Reduction characteristics of molybdenum trioxide with aluminum and silicon

• Published in: Rare metals Vol. 37; no. 7; pp. 621 - 624
• Main Authors: Zhu, Hang-Yu, Gao, Rong, Jin, Wu-Tao, Qiu, Long-Wu, Xue, Zheng-Liang
• Format: Journal Article
• Language: English
• Published: Beijing Nonferrous Metals Society of China 01.07.2018; Springer Nature B.V
• Subjects: Aluminum; Biomaterials; Calcium carbonate; Chemical reduction; Chemistry and Materials Science; Energy; Intermetallic compounds; Materials Engineering; Materials Science; Metallic Materials; Molybdenum; Molybdenum disilicides; Molybdenum oxides; Molybdenum trioxide; Nanoscale Science and Technology; Physical Chemistry; Reduction (metal working); Silicon; Sublimation; X-ray diffraction; Molybdenum trioxide; Reduction; Silicon; Aluminum; Metallothermic
• ISSN: 1001-0521; 1867-7185
• DOI: 10.1007/s12598-015-0536-z

Thermodynamics for reduction of molybdenum oxides by aluminum and silicon were calculated, and the results show that reduction reaction is feasible at a certain temperature region. Compared to the presence of CaO or CaCO 3 , reduction products of molybdenum trioxide with aluminum and silicon at various temperatures were detected by X-ray diffraction (XRD).

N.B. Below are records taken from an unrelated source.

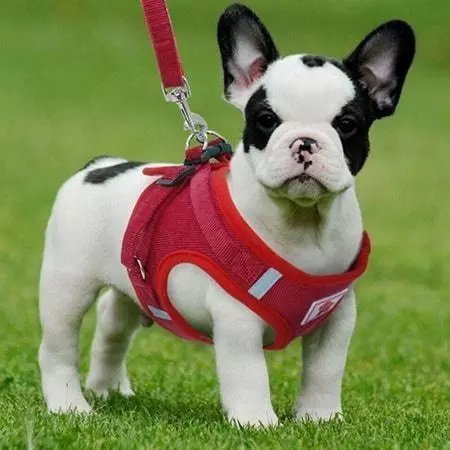 harnesses for dogs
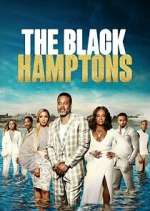 Watch Carl Weber's The Black Hamptons Vodly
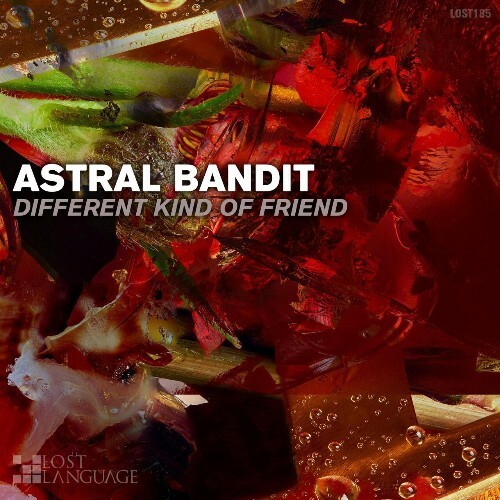 Astral Bandit - Different Kind Of Friend (2023)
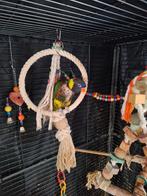 Lori met grote hoekkooi, Dieren en Toebehoren, Mannelijk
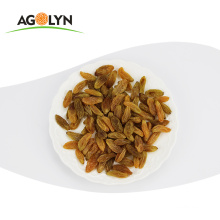 AGOLYN best selling delicious dried fruit xinjiang raisin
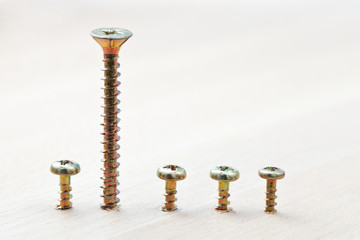 range of screws wrapped in wooden plank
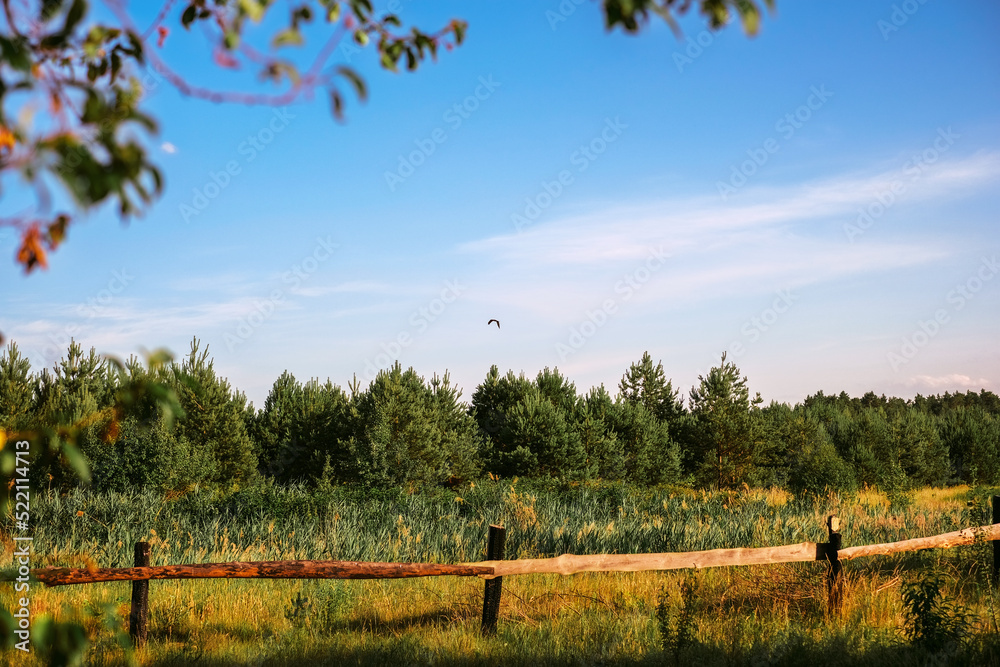 bird flying in the sky over the field.  summer landscape rural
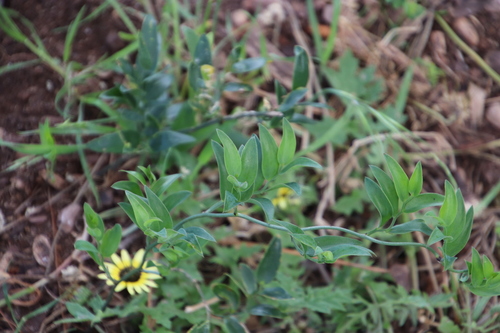 Image of Asparagus ovatus by (c) Tony Rebelo, some rights reserved (CC BY-SA)
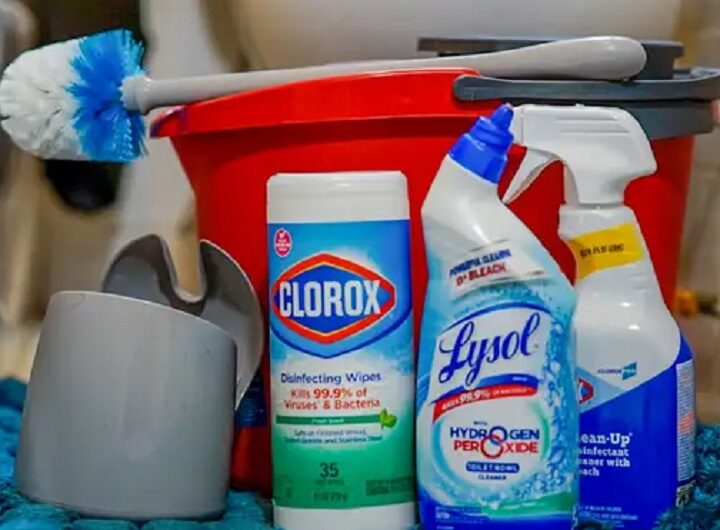 The Ultimate Guide to Choosing the Best Toilet Cleaner Products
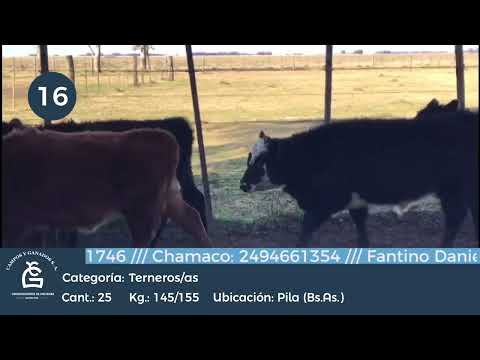 Lote M Y H -Pila BS As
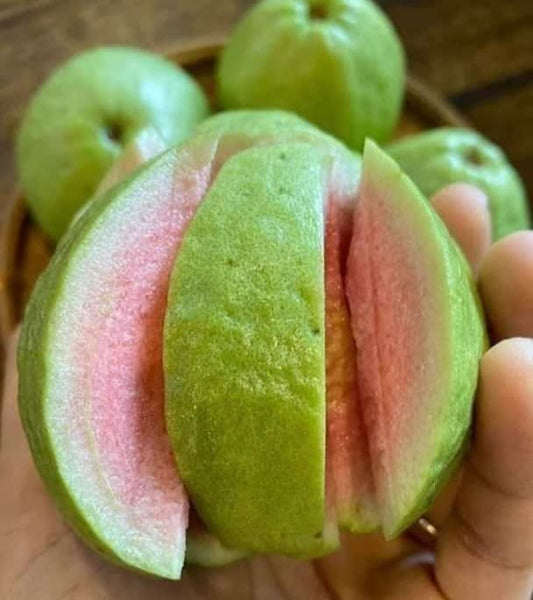 Taiwan Pink Guava|Discount Guava Trees |Guava Tree Deals| Guava Tree Sale|Buy Taiwan Pink Guava Plant Online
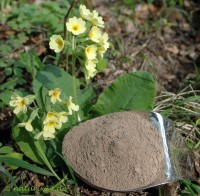 Primelwurzel gemahlen -Schlüsselblumenwurzel- Primelwurzel gemahlen -Schlüsselblumenwurzel-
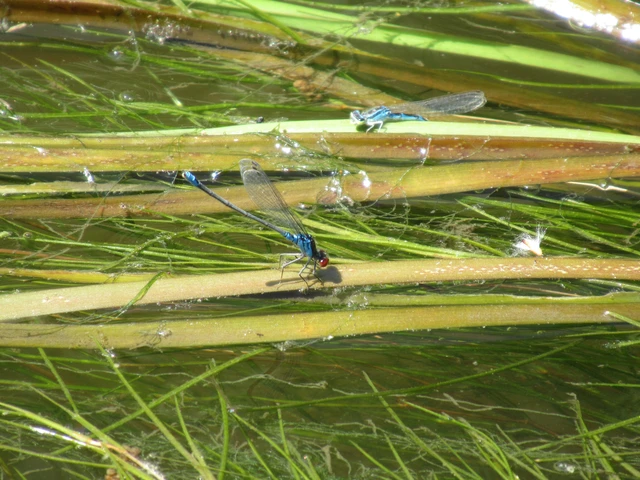 Erythromma viridulum - kis pirosszemű-légivadász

Results show that molybdenum trioxide is reduced by aluminum or silicon step by step, and the intermediate product is MoO 2 . At 1000 °C, molybdenum trioxide could be reduced to metal Mo by aluminum, and in the presence of CaO, metal Mo as the reduction product appears even at 800 °C. In contrast, silicon could barely reduce molybdenum trioxide to metal Mo even at 1200 °C. In the presence of CaO or CaCO 3 , reducibility of silicon increases significantly, and the reduction products are metal Mo and MoSi 2 . Altogether, CaO or CaCO 3 performs two major roles in reduction process: restraining sublimation of MoO 3 and decreasing the temperature of reducing MoO 3 to metal Mo.